The claim has likewise been made that Jesus studied at Qumrân. A long list of similarities between His teaching and the writings from Qumrân can be compiled, and many scholars have contributed to such a list. It can be said as a general rule that these points can all be traced to the OT or to early Judaism. In no single case does Jesus seem to show clear-cut dependence on Qumrân. Moreover, the suggestion that He studied at Qumrân is highly improbable. Some of the same objections set forth against identifying John with Qumrân can be used in the case of Jesus. In addition, there is the psychological objection that the people of Nazareth were caught completely by surprise at the beginning of His ministry, for they knew Him and they knew His family. As for the extravagant claims that Jesus “appears in many respects as an astonishing reincarnation of the Teacher of Righteousness” (A. Dupont-Sommer, Dead Sea Scrolls , p. 99), and the labored efforts to show that every major fact in Jesus’ life can be traced to a similar point in the life of the Teacher of Righteousness, these have been refuted by careful scholars many times. (See LaSor, Dead Sea Scrolls and the NT, pp. 117–130, 206–236, and footnotes. See especially Rowley’s works, mentioned above, and his exhaustive bibliographical references.)

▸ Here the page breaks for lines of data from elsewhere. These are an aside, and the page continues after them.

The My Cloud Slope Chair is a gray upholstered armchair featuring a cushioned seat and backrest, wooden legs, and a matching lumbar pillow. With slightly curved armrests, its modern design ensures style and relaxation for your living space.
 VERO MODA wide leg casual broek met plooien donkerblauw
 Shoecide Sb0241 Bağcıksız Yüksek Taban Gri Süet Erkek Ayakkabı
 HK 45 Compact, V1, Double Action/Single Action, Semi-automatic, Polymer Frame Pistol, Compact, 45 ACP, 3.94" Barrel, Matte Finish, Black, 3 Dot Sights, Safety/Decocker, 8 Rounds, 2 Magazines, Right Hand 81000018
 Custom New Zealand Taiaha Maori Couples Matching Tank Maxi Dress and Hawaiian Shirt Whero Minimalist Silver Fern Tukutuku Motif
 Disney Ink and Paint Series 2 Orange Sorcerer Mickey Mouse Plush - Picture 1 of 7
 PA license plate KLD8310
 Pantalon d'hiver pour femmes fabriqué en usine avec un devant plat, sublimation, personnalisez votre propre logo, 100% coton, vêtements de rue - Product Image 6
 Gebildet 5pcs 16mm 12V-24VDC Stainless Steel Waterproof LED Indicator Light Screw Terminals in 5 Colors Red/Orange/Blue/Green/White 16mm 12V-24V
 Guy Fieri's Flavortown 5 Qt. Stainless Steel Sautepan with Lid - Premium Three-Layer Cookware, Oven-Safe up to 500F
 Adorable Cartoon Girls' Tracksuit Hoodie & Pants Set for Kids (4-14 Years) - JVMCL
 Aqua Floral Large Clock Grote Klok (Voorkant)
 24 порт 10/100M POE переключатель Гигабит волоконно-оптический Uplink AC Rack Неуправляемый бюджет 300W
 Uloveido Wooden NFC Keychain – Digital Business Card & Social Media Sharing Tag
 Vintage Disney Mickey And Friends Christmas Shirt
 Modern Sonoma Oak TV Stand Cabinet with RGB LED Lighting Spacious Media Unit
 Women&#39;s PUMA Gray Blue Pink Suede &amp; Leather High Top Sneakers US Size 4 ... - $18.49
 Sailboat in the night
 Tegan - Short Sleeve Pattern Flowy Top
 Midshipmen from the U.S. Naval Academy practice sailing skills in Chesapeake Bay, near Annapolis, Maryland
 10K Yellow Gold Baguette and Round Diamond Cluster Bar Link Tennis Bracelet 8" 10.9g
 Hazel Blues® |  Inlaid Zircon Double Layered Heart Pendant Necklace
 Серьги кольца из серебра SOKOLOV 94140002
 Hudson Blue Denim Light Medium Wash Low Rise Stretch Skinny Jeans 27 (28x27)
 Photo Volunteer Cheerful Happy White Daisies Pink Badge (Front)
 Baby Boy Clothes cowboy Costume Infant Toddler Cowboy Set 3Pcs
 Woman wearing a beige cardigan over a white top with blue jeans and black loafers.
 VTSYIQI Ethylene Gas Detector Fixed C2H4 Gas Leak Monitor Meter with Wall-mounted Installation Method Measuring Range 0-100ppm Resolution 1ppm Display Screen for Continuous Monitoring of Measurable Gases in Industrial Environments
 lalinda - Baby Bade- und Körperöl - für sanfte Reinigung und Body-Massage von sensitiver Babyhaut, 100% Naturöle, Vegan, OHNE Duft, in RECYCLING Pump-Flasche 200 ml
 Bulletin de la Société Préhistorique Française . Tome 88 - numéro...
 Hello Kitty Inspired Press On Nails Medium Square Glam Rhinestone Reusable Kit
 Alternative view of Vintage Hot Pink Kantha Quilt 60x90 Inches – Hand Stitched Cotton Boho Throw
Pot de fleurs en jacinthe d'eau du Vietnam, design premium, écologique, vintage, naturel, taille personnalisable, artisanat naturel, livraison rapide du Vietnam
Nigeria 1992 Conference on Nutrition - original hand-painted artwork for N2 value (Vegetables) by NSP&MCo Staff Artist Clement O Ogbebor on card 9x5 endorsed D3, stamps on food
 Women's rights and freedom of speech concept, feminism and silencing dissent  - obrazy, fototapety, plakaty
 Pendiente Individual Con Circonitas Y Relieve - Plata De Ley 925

Several studies have been published in which certain Pauline ideas have been compared to statements in the DSS. Some of the parallels have been made by scholars who would deny Pauline authorship on critical grounds to the very works that they quote, namely, Ephesians, Colossians, and the Pastorals. Such scholarship does not commend itself. There are, however, several points at which the Qumrân writings help scholars understand the development of ideas in early Judaism, and see that some of these ideas could lie behind some of Paul’s statements. Paul is a curious mixture of what Sandmel calls “Temple Judaism” and “Synagogue Judaism,” being both a strict Pharisee and also a native of the Hellenistic world. To see Paul as only a Hellenist Jew, and to fail to see the complexities in Judaism, is to take a somewhat distored view of both. (For fuller discussion, see articles on the subject in K. Stendahl, ed, The Scrolls and the NT, , notably those by W. D. Davies and K. G. Kuhn; see also J. Murphy-O’Connor, ed, Paul and Qumrân: Studies in NT Exegesis .)
An important study of the Epistle to the Hebrews and the DSS was published by Y. Yadin (C. Rabin and Y. Yadin, eds, Aspects of the Dead Sea Scrolls , pp. 36–55). While many points need careful study, the article does not appear to have evoked any strong reception. The treatment of Melchizedek is particularly noteworthy, since a “Melchizedek Scroll” (11QMelch) has been found at Qumrân.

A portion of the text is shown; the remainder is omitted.